Reproducing Key Figures from Kay et al. (2015)¶

Overview¶

This notebook demonstrates how one might use the NCAR Community Earth System Model (CESM) Large Ensemble (LENS) data hosted on AWS S3. The notebook shows how to reproduce figures 2 and 4 from the Kay et al. (2015) paper describing the CESM LENS dataset.

This resource is intended to be helpful for people not familiar with elements of the Pangeo framework including Jupyter Notebooks, Xarray, and Zarr data format, or with the original paper, so it includes additional explanation.

Prerequisites¶

Concepts	Importance	Notes
Intro to Xarray	Necessary
Dask	Helpful

Time to learn: 30 minutes

Imports¶

In [ ]:

import sys
import os
import warnings
warnings.filterwarnings("ignore")

import intake
import matplotlib.pyplot as plt
from dask.distributed import Client
import numpy as np
import pandas as pd
import xarray as xr
import pprint
import cmaps  # for NCL colormaps
import cartopy.crs as ccrs

%matplotlib inline

Create and Connect to Dask Distributed Cluster¶

Here we'll use a dask cluster to parallelize our analysis.

In [ ]:

platform = sys.platform

if (platform == 'win32'):
    import multiprocessing.popen_spawn_win32
else:
    import multiprocessing.popen_spawn_posix

In [ ]:

client = Client()
client

Load and Prepare Data¶

In [ ]:

catalog_url = 'https://ncar-cesm-lens.s3-us-west-2.amazonaws.com/catalogs/aws-cesm1-le.json'
col = intake.open_esm_datastore(catalog_url)
col

Show the first few lines of the catalog:

In [ ]:

col.df.head(10)

Show expanded version of collection structure with details:

In [ ]:

uniques = col.unique(columns=["component", "frequency", "experiment", "variable"])
pprint.pprint(uniques, compact=True, indent=4)

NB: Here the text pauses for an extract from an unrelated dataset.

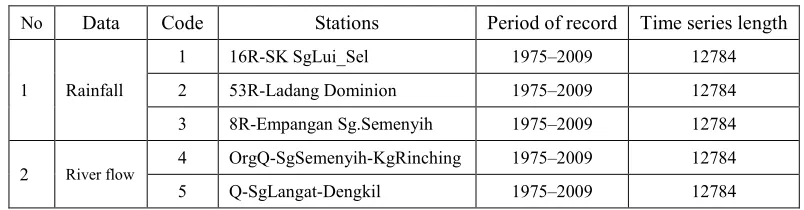 Table 4: Rainfall time series data characteristics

Extract data needed to construct Figure 2¶

Search the catalog to find the desired data, in this case the reference height temperature of the atmosphere, at daily time resolution, for the Historical, 20th Century, and RCP8.5 (IPCC Representative Concentration Pathway 8.5) experiments.

In [ ]:

col_subset = col.search(frequency=["daily", "monthly"], component="atm", variable="TREFHT",
                        experiment=["20C", "RCP85", "HIST"])

col_subset

In [ ]:

col_subset.df

Load catalog entries for subset into a dictionary of Xarray Datasets:

In [ ]:

dsets = col_subset.to_dataset_dict(zarr_kwargs={"consolidated": True}, storage_options={"anon": True})
print(f"\nDataset dictionary keys:\n {dsets.keys()}")

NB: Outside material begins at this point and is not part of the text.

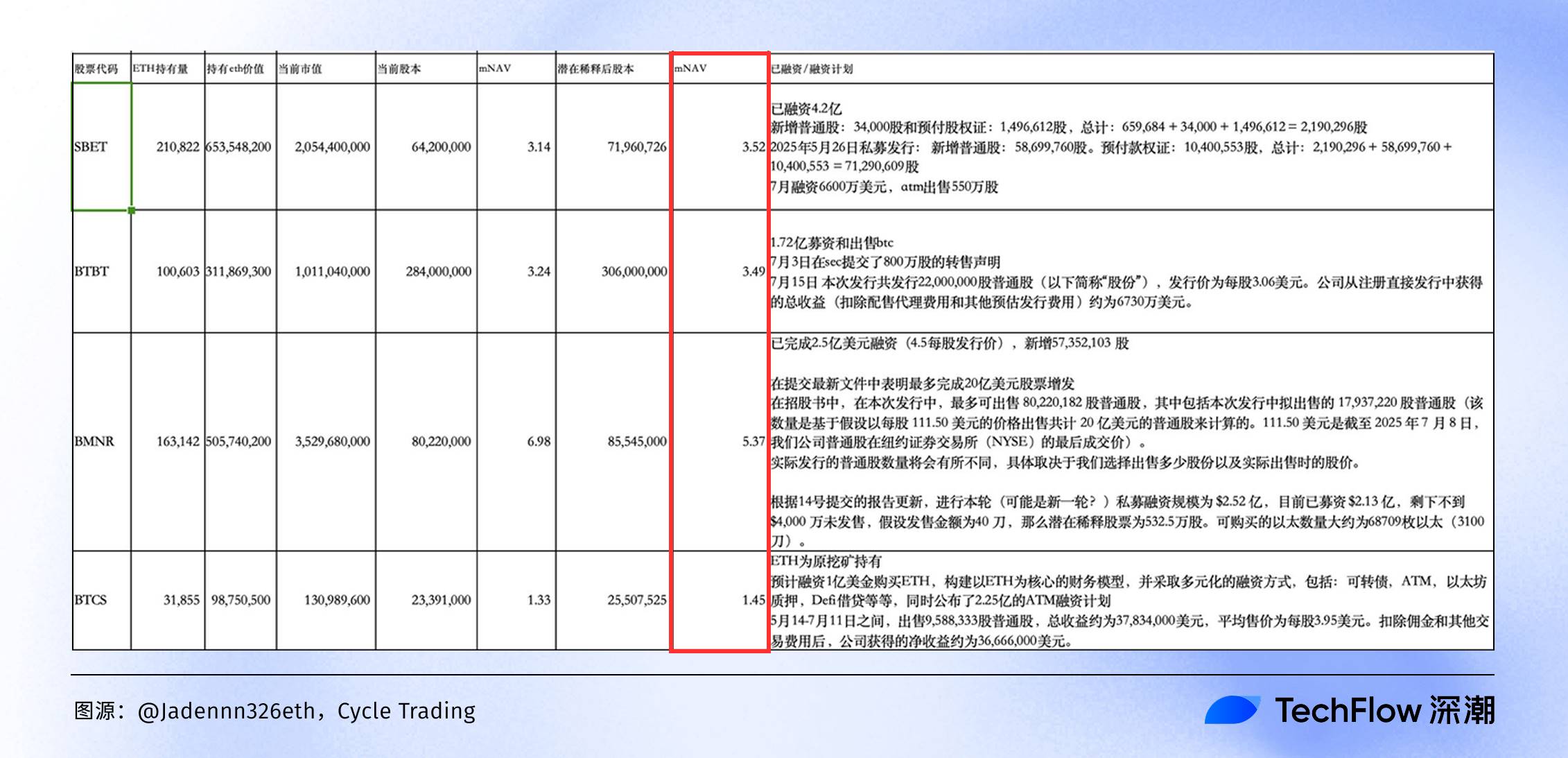 如何用NAV评估你的加密股票值多少钱?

Define Xarray Datasets corresponding to the three experiments:

In [ ]:

ds_HIST = dsets['atm.HIST.monthly']
ds_20C = dsets['atm.20C.daily']
ds_RCP85 = dsets['atm.RCP85.daily']

Use the dask.distributed utility function to display size of each dataset:

In [ ]:

from distributed.utils import format_bytes
print(f"Historical: {format_bytes(ds_HIST.nbytes)}\n"
      f"20th Century: {format_bytes(ds_20C.nbytes)}\n"
      f"RCP8.5: {format_bytes(ds_RCP85.nbytes)}")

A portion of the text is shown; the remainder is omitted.